BitMagic library uses bit-blocks sized at 64K-bit, so GAP prefix sums fit into 16-bit unsigned short.


/**
    hybrid binary search, starts as binary, then switches to scan
 
    NOTE: AVX code uses _mm256_subs_epu16 - saturated substraction
    which gives 0 if A-B=0 if A < B (not negative a value).
 
    @ingroup AVX2
*/
inline
unsigned avx2_gap_test(const unsigned short* buf, unsigned pos)
{
    const unsigned linear_cutoff = 48;
    const unsigned unroll_factor = 16;

    BM_ASSERT(pos < bm::gap_max_bits);

    unsigned res;
    unsigned start = 1;
    unsigned end = 1 + ((*buf) >> 3);
    unsigned arr_end = end;

    if (end - start < unroll_factor) // too small for a full AVX stride
    {
        for (; start < end; ++start)
        {
            if (buf[start] >= pos)
            {
                res = ((*buf) & 1) ^ ((--start) & 1);
                return res;
            }
        } // for
        BM_ASSERT(0);
    }

    while (start != end)
    {
        unsigned dsize = end - start;
        if (dsize < linear_cutoff)
        {
            // set wider scan window to possibly over-read the range,
            // but stay within allocated block memory
            //
            dsize = arr_end - start;
            
            __m256i mZ = _mm256_setzero_si256();
            __m256i mPos  = _mm256_set1_epi16(pos);
            __m256i vect16, mSub, mge_mask;

            unsigned len_unr = start + (dsize - (dsize % unroll_factor));
            for (; start < len_unr; start += unroll_factor)
            {
                vect16 = _mm256_loadu_si256((__m256i*)(&buf[start])); // 16x u16s
                mSub = _mm256_subs_epu16(mPos, vect16);
                mge_mask = _mm256_cmpeq_epi16(mSub, mZ);
                int mask = _mm256_movemask_epi8(mge_mask);
                if (mask)
                {
                    int lz = _tzcnt_u32(mask) / 2;
                    start += lz;
                    res = ((*buf) & 1) ^ ((--start) & 1);
                    return res;
                }
            } // for k
            unsigned tail = unroll_factor - (end - start);
            if (start > tail+1)
            {
                start -= tail; // rewind back, but stay within block
                vect16 = _mm256_loadu_si256((__m256i*)(&buf[start])); // 16x u16s
                mSub = _mm256_subs_epu16(mPos, vect16);
                mge_mask = _mm256_cmpeq_epi16(mSub, mZ);
                int mask = _mm256_movemask_epi8(mge_mask);
                BM_ASSERT(mask);
                if (mask)
                {
                    int lz = _tzcnt_u32(mask) / 2;
                    start += lz;
                    res = ((*buf) & 1) ^ ((--start) & 1);
                    return res;
                }
                start += unroll_factor; // remove with if when sure
            }
            for (; start < end; ++start)
            {
                if (buf[start] >= pos)
                    break;
            }
            break;
        }
        unsigned curr = (start + end) >> 1;
        if (buf[curr] < pos)
            start = curr + 1;
        else
            end = curr;
    } // while
    res = ((*buf) & 1) ^ ((--start) & 1);
    return res;
}


SIMD unpack GAP to bitset

It should be possible to write an efficient implementation for prefix-sum unpack back to bit-block. Implementation is pending on the TODO list. Such algorithm would be very useful and impactful for logical operations where compressed GAP block meets a plain uncompressed bit-block a case where lowest common denominator is a bit-block and where we need to unpack quickly.
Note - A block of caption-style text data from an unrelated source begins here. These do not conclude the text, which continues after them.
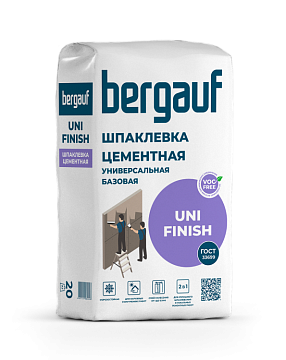 Шпаклевка цементная финишная Bergauf (Бергауф) Uni Finish, белая, 20 кг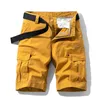Spring Men Cotton Cargo Shorts Clothing Summer Casual Breeches Bermuda Fashion Beach Pants Los Cortos Short 210806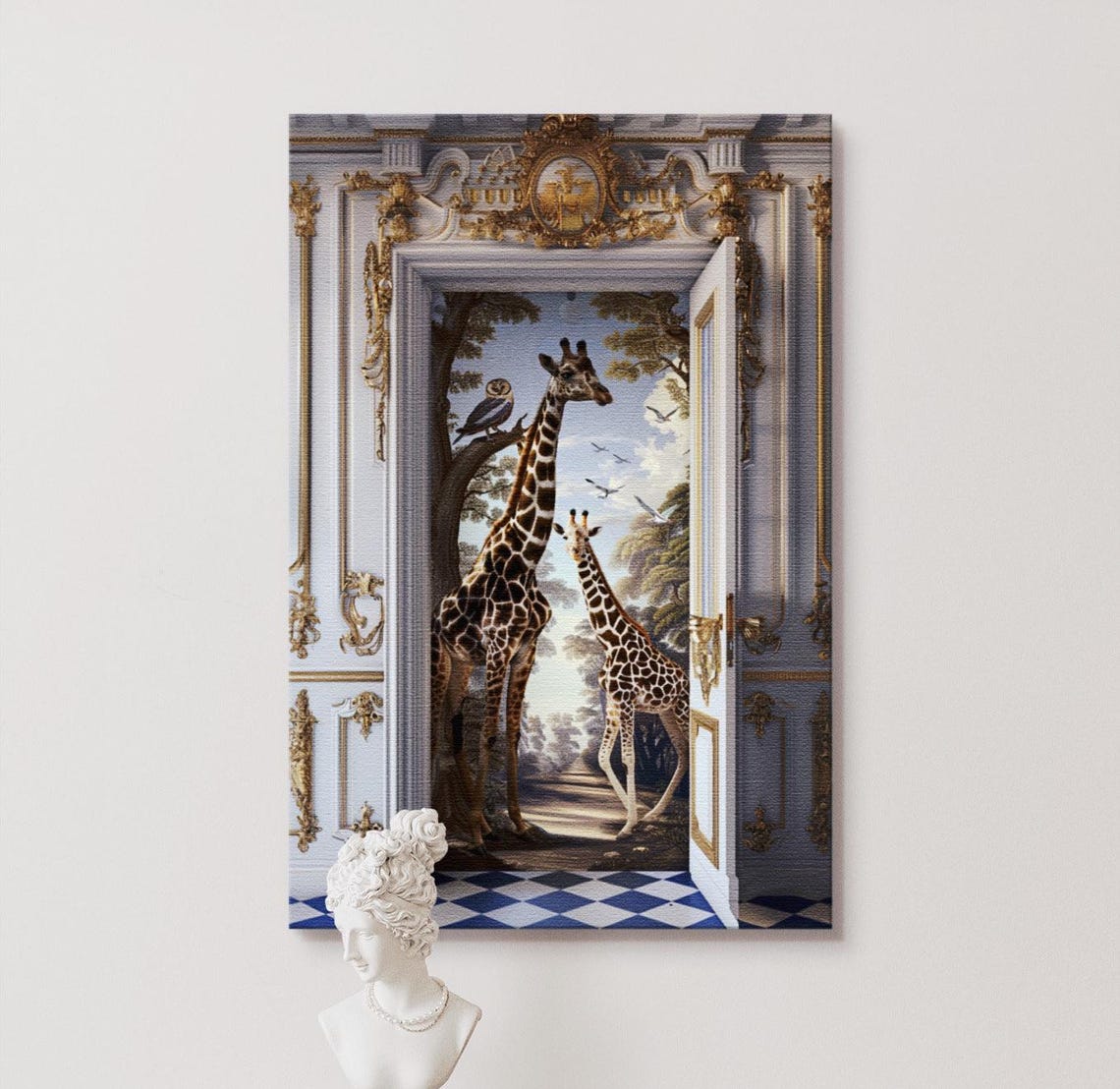 Giraffes Wall Art Print, Quirky Home Decor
Pairwise XOR complexity measure

Another oppotunity for compression is to use the described complexity measure for XOR compression. Logical XOR has a very useful property: repeated it restores content. Sometimes XOR of two blocks results in reduction of complexity (at almost no cost).

It should be noted, that pairwise similarity distances like Hamming do not provide a good measure of final complexity. Quick example: take two bit strings '01010' and '10101' (note a "phase shift" in the bit-sequence), XOR them to get '11111'. Hamming distance (which is POPCNT of XOR) gives us 5 (highly dissimilar) while the complexity measure or our XOR product would be 1 which is very useful, we can see here our block turns from complex to simple.

The described property has potential use in compression of bit-matrixes, where complexity measure similaritis can be found and used.